Activity :: Give the records again exactly, but drop the pictures.

Records provided ::
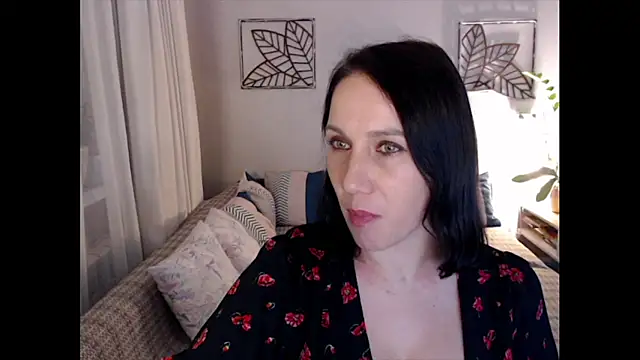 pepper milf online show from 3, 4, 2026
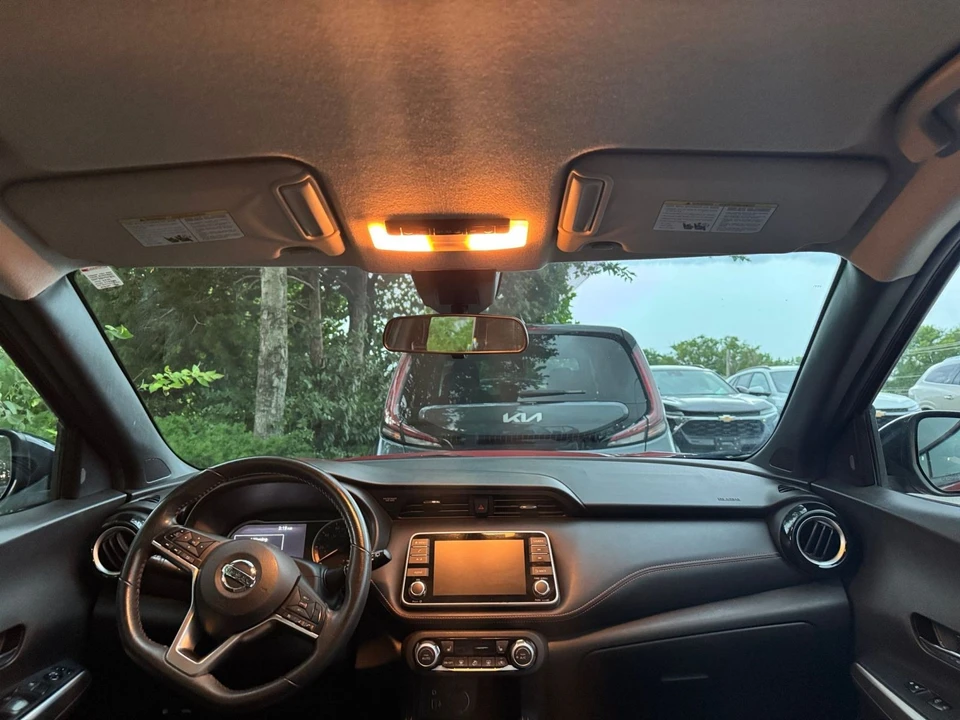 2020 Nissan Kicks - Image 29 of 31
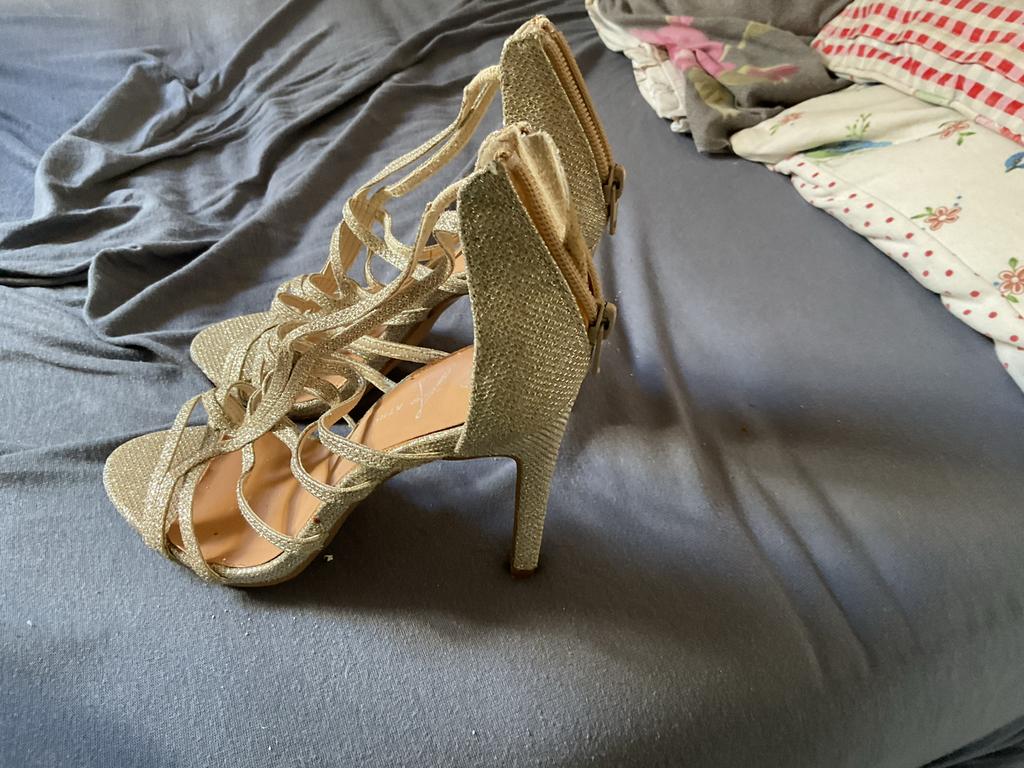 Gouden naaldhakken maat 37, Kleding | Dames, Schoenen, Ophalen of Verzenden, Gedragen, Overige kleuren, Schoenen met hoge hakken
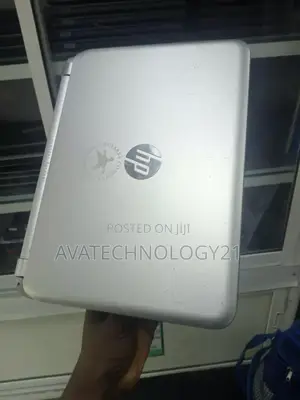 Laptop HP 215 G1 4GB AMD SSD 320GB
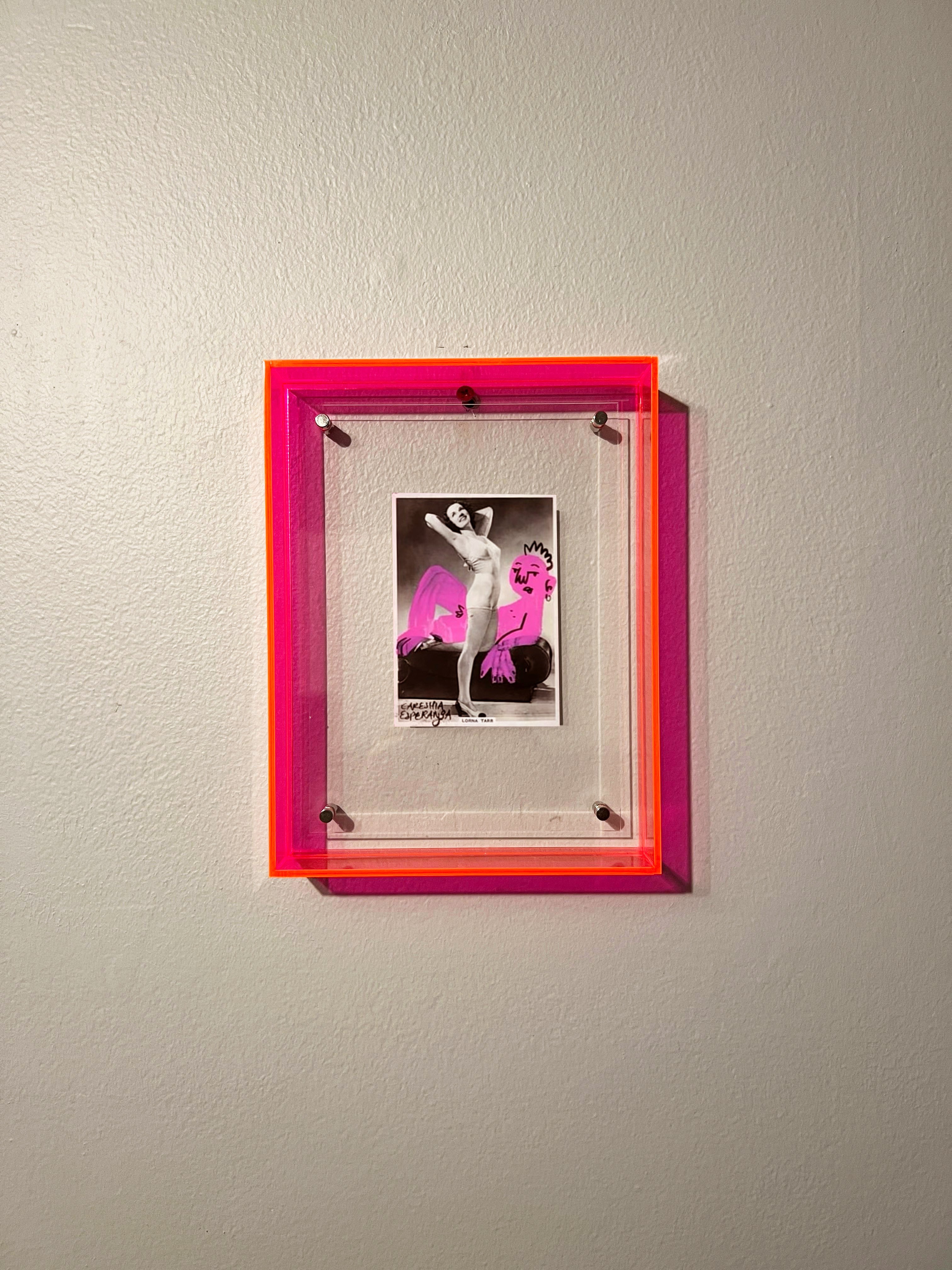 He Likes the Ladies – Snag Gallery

Solution ::
 pepper milf online show from 3, 4, 2026
 2020 Nissan Kicks - Image 29 of 31
 Gouden naaldhakken maat 37, Kleding | Dames, Schoenen, Ophalen of Verzenden, Gedragen, Overige kleuren, Schoenen met hoge hakken
 Laptop HP 215 G1 4GB AMD SSD 320GB
 He Likes the Ladies – Snag Gallery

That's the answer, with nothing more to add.